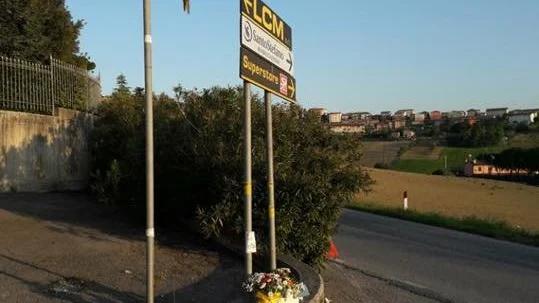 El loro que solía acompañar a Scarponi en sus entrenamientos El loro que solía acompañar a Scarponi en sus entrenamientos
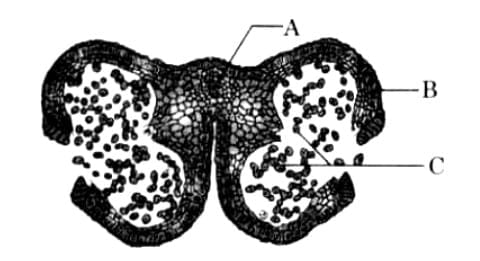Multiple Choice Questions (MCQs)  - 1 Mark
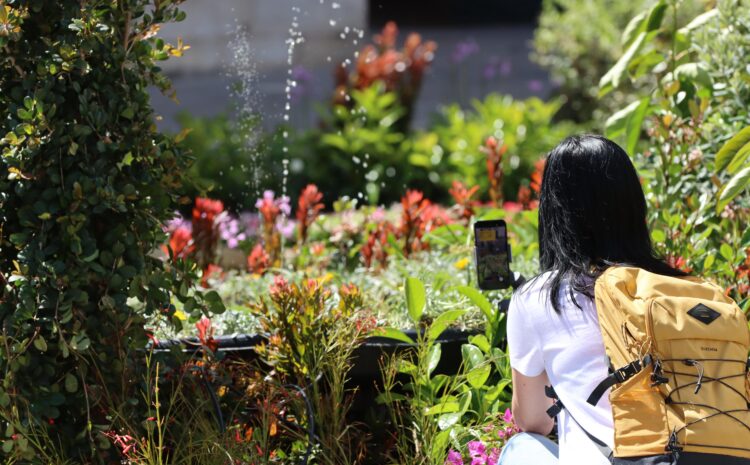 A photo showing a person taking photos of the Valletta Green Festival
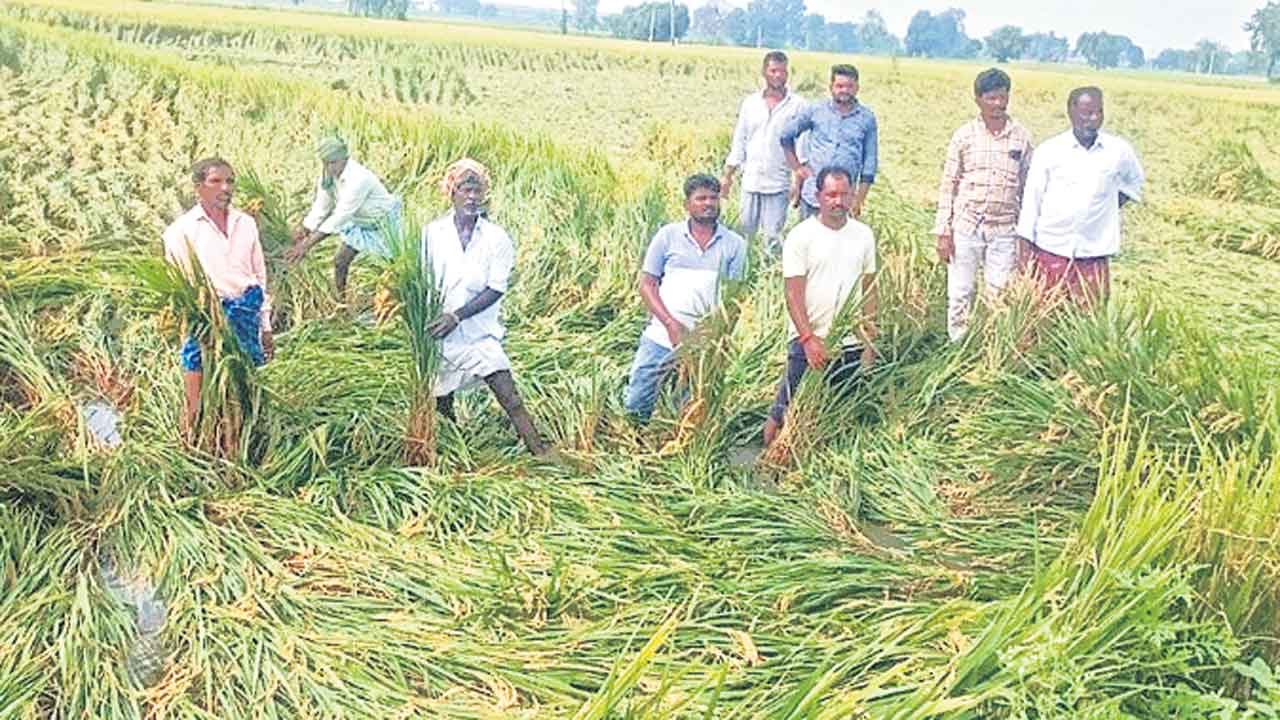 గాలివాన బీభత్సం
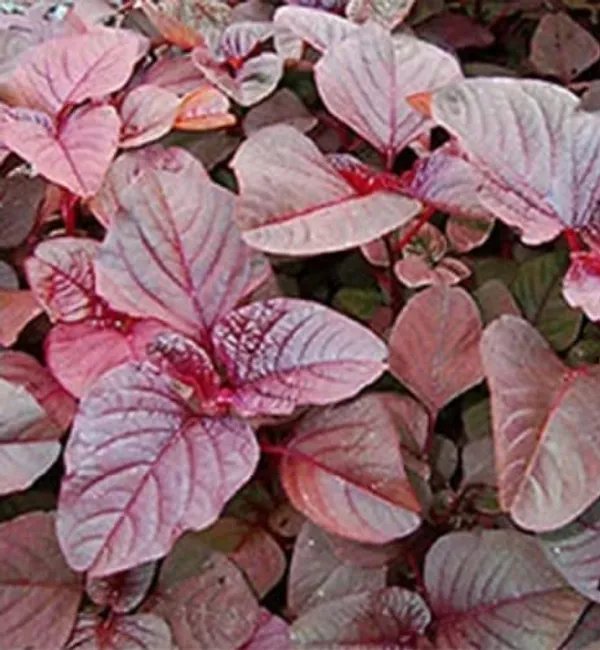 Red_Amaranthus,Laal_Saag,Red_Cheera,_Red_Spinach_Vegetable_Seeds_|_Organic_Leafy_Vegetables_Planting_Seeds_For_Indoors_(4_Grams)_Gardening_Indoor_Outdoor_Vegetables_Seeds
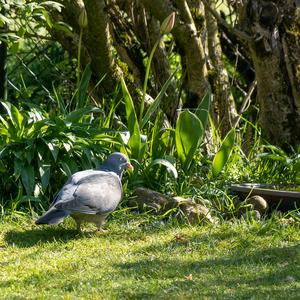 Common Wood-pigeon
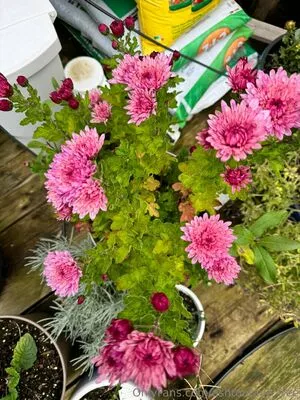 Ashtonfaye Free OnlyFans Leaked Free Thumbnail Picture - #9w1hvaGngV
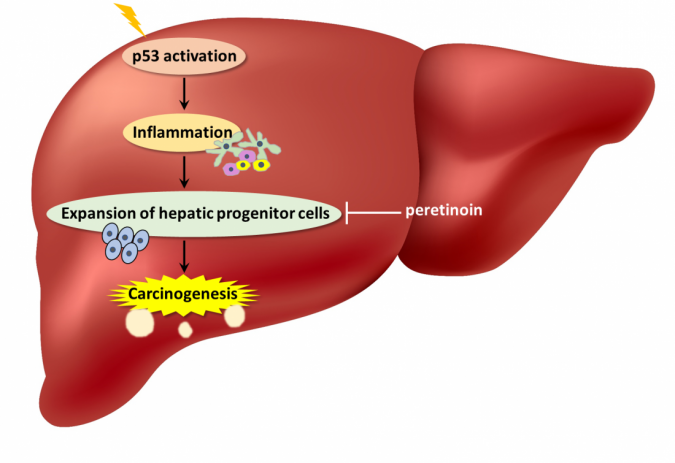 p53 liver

::::::::::

▸ Exercise objective
Output the data exactly. Leave every picture out.

▸ Answer section
 El loro que solía acompañar a Scarponi en sus entrenamientos El loro que solía acompañar a Scarponi en sus entrenamientos
Multiple Choice Questions (MCQs)  - 1 Mark
 A photo showing a person taking photos of the Valletta Green Festival
 గాలివాన బీభత్సం
 Red_Amaranthus,Laal_Saag,Red_Cheera,_Red_Spinach_Vegetable_Seeds_|_Organic_Leafy_Vegetables_Planting_Seeds_For_Indoors_(4_Grams)_Gardening_Indoor_Outdoor_Vegetables_Seeds
 Common Wood-pigeon
 Ashtonfaye Free OnlyFans Leaked Free Thumbnail Picture - #9w1hvaGngV
 p53 liver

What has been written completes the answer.